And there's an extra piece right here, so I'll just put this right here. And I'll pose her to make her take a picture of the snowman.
...
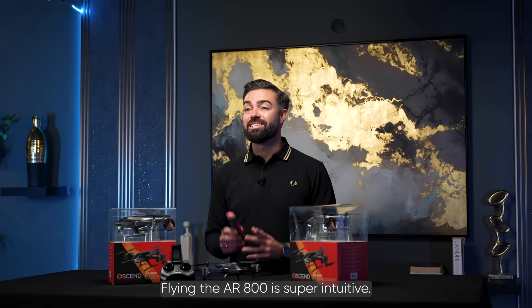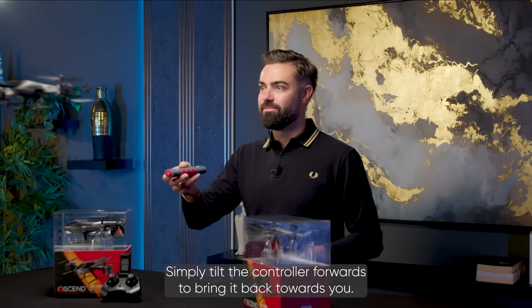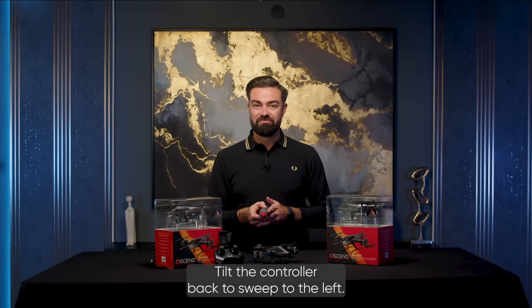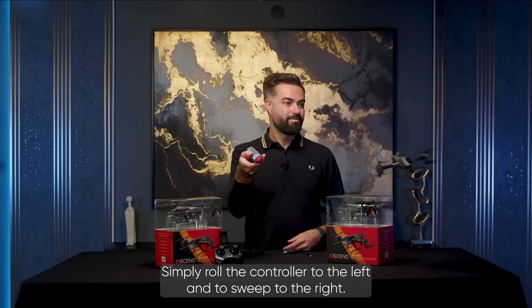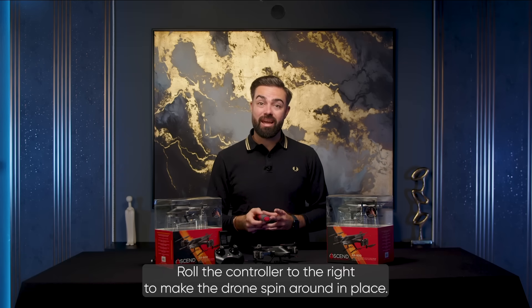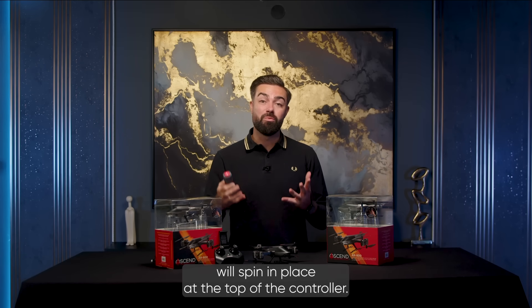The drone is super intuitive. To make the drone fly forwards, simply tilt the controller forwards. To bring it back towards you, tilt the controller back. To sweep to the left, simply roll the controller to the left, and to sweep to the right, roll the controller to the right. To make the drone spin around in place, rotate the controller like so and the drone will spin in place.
--
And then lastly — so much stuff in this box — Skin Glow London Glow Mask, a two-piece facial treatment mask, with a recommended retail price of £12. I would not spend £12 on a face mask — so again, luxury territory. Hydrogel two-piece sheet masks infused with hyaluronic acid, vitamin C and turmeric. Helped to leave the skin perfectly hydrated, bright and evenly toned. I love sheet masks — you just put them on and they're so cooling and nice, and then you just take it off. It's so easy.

*Problem details*
Count the lines of these entries that hold the string "take", and give only that number.

*Task output*
2